When the input line length is lim, then s[lim] = '\0'. But the array s[] is only lim-length long, from s[0] to s[lim-1]. Will it cause an buffer overflow? I tested it many times, but the code seemed to work just fine.
int getline(char s[], int lim)
{
int c, i;
for(i = 0; i < lim-1 && ( c = getchar())!= EOF && c!= '\n'; i++)
s[i] = c;
if( c == '\n') {
s[i] = c;
++i;
}
s[i] = '\0';
return i;
}
The '\0' is just another character. It is stored right after the last character of the string.
Often, you can "get away" with writing off the end of a buffer with no obvious harm, but don't do it. It's a bug.

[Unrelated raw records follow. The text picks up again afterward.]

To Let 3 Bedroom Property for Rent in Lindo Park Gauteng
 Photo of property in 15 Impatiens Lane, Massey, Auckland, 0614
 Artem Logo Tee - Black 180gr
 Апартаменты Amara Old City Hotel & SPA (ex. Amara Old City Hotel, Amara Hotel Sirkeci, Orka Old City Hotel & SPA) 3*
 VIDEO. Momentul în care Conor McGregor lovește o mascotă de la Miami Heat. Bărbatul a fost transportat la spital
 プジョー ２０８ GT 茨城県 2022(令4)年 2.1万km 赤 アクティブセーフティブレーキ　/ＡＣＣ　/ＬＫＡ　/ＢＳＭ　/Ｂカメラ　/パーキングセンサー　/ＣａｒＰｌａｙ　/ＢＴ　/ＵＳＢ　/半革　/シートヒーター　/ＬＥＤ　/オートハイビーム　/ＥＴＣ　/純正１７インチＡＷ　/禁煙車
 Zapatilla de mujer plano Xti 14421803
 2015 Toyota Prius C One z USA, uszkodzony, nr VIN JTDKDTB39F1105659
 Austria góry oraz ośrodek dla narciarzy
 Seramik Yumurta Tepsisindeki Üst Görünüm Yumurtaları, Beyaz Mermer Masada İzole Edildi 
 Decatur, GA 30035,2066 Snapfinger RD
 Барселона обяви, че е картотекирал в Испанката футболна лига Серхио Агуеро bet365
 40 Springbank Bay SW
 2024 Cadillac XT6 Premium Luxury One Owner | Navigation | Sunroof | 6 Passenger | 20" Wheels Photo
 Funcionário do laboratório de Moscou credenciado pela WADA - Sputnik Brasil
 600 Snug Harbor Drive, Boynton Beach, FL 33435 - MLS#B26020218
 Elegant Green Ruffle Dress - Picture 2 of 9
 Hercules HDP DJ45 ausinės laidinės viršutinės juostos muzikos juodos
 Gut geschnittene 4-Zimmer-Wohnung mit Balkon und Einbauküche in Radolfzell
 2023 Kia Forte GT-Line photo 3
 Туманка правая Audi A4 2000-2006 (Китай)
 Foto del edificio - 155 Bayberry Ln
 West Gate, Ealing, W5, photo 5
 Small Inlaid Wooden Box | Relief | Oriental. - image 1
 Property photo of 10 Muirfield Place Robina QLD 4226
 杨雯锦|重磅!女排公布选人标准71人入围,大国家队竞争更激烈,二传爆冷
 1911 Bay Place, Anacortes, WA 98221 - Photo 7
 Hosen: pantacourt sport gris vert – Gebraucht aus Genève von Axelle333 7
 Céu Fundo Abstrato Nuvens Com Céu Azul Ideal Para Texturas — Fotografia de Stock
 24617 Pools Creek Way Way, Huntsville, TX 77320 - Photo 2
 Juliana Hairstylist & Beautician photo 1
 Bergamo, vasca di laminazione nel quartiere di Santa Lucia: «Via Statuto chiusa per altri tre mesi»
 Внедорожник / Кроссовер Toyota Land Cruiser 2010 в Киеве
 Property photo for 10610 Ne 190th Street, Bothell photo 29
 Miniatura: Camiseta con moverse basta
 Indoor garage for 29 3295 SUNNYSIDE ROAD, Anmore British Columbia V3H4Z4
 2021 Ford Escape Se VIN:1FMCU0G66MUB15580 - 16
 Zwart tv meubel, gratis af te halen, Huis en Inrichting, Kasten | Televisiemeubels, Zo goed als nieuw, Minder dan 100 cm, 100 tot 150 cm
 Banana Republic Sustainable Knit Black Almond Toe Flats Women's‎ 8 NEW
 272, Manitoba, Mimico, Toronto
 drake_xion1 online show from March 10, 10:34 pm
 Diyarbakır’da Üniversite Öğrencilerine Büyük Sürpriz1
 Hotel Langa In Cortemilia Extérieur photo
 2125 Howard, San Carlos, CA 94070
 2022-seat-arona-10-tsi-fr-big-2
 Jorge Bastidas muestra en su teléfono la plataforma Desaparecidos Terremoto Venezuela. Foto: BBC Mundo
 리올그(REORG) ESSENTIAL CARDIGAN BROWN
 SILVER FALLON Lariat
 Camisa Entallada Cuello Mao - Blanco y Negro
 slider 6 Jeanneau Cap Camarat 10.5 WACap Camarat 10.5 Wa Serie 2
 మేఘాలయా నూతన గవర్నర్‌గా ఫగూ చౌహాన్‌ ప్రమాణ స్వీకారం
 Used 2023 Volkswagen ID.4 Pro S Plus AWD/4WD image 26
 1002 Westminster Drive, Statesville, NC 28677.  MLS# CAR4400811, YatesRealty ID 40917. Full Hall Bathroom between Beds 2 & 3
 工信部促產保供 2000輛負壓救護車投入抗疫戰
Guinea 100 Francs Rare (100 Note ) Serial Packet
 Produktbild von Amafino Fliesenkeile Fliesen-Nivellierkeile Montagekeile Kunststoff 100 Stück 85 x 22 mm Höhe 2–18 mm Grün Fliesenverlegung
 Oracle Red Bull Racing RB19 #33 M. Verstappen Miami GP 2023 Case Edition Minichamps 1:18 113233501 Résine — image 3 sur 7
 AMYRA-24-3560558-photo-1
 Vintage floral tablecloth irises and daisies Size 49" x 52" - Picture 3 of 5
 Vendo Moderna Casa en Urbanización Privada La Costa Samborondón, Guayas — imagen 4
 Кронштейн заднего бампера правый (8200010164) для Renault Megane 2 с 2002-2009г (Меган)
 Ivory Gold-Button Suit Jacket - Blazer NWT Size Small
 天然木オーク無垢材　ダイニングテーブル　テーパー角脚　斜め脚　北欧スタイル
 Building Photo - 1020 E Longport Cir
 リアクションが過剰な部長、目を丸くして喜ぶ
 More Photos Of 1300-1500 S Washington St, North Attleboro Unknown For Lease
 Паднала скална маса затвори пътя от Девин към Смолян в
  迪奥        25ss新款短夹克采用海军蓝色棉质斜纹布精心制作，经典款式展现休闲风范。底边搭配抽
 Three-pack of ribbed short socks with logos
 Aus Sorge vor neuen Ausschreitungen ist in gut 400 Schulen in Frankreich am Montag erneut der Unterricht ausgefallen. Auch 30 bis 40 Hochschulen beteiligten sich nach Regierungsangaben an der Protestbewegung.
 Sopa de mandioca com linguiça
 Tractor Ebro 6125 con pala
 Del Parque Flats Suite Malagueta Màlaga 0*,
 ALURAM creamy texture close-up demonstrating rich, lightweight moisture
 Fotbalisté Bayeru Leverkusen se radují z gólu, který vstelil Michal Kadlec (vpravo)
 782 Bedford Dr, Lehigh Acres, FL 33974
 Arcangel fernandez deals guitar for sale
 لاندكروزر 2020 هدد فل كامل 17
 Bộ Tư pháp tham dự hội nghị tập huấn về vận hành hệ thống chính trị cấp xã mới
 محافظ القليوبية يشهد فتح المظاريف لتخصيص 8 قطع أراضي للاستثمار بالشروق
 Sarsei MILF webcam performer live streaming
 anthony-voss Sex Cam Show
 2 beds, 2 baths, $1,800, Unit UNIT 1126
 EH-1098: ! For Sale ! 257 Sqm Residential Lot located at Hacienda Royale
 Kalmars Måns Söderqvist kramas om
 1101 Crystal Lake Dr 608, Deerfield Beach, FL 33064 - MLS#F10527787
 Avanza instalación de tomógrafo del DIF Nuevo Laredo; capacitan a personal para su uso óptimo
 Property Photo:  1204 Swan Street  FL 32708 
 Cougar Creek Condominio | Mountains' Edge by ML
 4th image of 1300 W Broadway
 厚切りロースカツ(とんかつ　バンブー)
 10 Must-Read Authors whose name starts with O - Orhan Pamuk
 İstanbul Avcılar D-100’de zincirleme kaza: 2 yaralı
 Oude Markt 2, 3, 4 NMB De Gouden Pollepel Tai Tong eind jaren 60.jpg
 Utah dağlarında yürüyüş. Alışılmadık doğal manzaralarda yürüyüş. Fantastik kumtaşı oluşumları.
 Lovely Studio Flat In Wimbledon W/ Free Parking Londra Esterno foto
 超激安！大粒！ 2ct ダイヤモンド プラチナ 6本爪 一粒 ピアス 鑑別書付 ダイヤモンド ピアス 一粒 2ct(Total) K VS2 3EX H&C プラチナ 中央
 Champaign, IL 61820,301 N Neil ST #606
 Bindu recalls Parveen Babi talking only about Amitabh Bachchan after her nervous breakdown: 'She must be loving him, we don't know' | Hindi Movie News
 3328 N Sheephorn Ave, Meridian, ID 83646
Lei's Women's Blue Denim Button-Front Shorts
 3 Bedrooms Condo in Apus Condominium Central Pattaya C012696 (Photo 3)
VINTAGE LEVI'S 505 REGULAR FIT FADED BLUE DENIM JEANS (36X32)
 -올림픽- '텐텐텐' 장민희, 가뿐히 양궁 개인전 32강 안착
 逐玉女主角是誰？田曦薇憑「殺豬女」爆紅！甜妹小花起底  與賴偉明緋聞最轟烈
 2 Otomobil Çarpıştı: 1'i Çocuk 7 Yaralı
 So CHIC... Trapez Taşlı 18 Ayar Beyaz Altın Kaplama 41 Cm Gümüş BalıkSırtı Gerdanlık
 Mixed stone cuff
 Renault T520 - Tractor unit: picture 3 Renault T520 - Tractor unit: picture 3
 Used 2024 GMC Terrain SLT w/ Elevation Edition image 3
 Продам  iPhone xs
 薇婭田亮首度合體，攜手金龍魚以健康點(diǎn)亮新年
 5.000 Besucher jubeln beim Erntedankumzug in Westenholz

I once had to debug a program that contained an error like this. The program was writing a single byte past the end of one buffer. In the debug build, there was enough extra stuff on the stack that the single byte extra caused no harm; the crash only occurred in the release build, but the debugger didn't really work since it was the non-debug build. This is an example of why it is good to test your code both in a "debug" build and in a release build (compiled the way you would give it to your users).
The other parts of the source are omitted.